For some reason, when I go to create_window in my Tkinter canvas, it erases everything that was previously in said window, and jams the window in the top left corner (even though I set it somewhere else.

canvas.create_window(30, height - 40, anchor = NW, width = 40,
    window = canvas.data.buildSquareButton)

precedes

canvas.create_rectangle(0,0,width, 40, fill = "#888888888",
                        outline = "#888888888")
canvas.create_rectangle(0, height, width, (height-40), fill = "#888888888",
                        outline = "#888888888")
canvas.create_rectangle(0, 40, width, (height - 40), fill = "#fffffffff",
                        outline = "#fffffffff")

and an image.

I put in a 1 second time.sleep after the create_window, and I could see that the button was put in the right place. Then after the time.sleep was over, the button threw itself in the top right corner and the rectangle never appeared. I commented out the window, and the rectangles appeared fine.

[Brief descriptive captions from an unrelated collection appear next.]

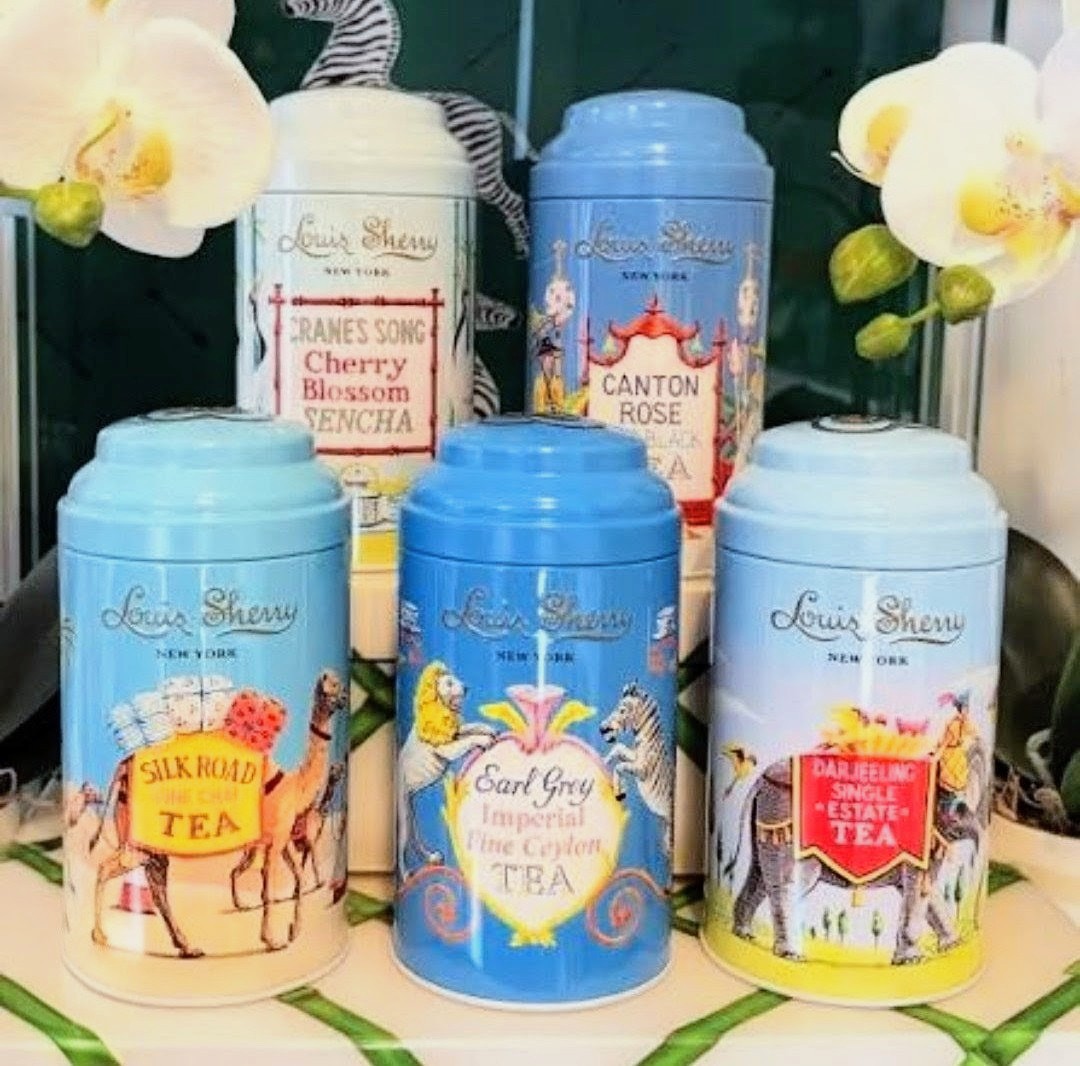 Five pastel tea canisters displayed beside white orchid flowers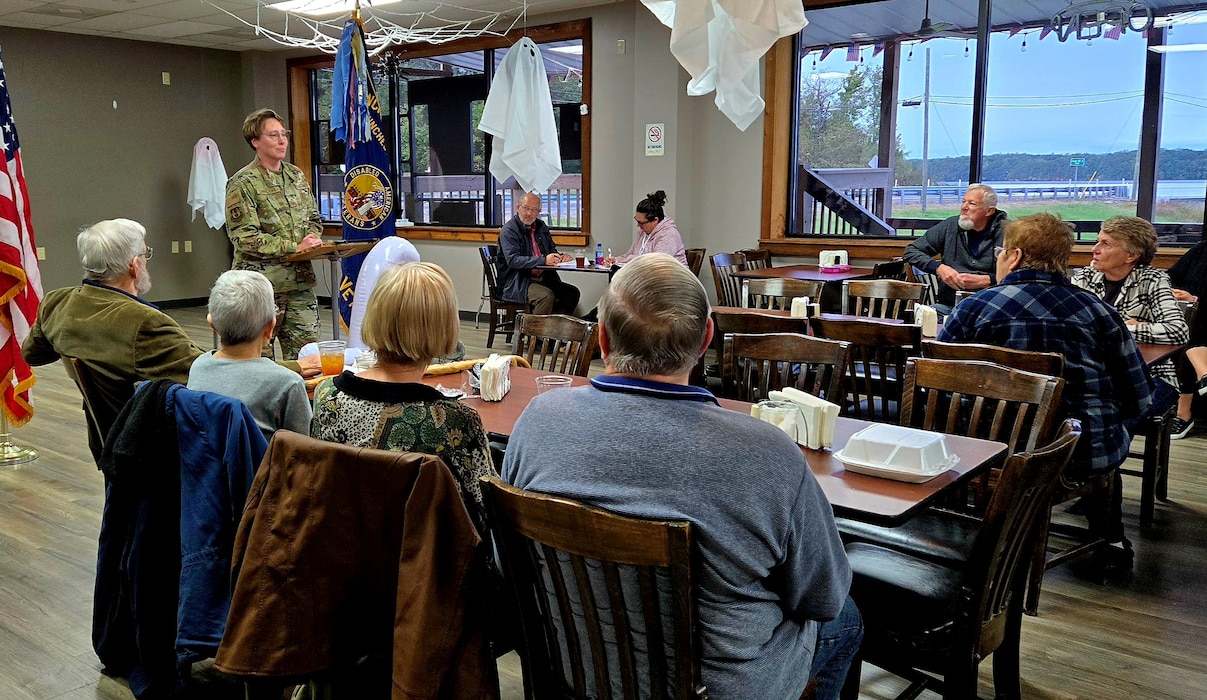 Arnold Engineering Development Complex Senior Enlisted Leader Chief Master Sgt. Jennifer Cirricione speaks during the monthly meeting of the Franklin County Disabled American Veterans, Chapter 71, Oct. 15, 2024, at the Veterans of Foreign Wars Post in Estill Springs, Tenn. Cirricione provided information on the history of AEDC and fielded questions regarding base access, future space utilization and base tour availability for retirees. AEDC personnel were also on hand to discuss the services AEDC provides to retirees and their families once a retiree passes away, funeral honors for retirees, legal assistance and other information related to retiree benefits. AEDC is headquartered at Arnold Air Force Base, Tenn. (Courtesy photos by Kim Heng)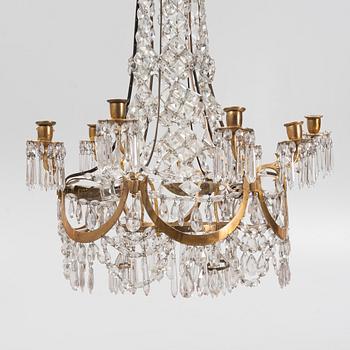 A Louis XVI gilt-brass and cut glass nine-light chandelier, circa 1800.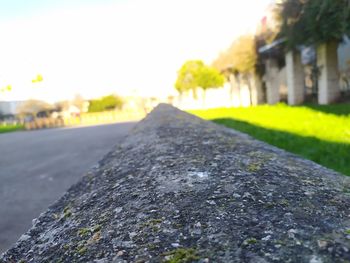 Surface level of concrete wall against sky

Am I doing something wrong when I call the window, or is there a Tkinter glitch?

There's not enough information in your question to know for sure. However, my guess is that you are pack ing or grid ing a widget in the canvas, and that's causing the canvas to shrink to fit its contents. Or, you're doing something else to cause the canvas to shrink.

To compound the problem, your canvas probably has the same background color as your main window, so you think the contents are being erased, but in reality you're looking at the widget that the canvas is in rather than the canvas itself.

To help prove or disprove that theory, give your canvas a garish background color, such as a bright red. Then run your code and see what happens to the red part of the screen.

Bottom line: there is no bug in tkinter that would cause the behavior you describe. There is a bug in some code that you aren't showing us.

The best thing is for you to create the smallest possible program that reproduces the problem. The mere act of trying to do that may expose the bug in your code. If you are able to reproduce it in a dozen or two lines of code, update the question and we can probably spot the error.

I'm not entirely sure what your question is, but it looks like you're trying to remove everything from a canvas widget at one point in your code to allow for other things to override it, yes?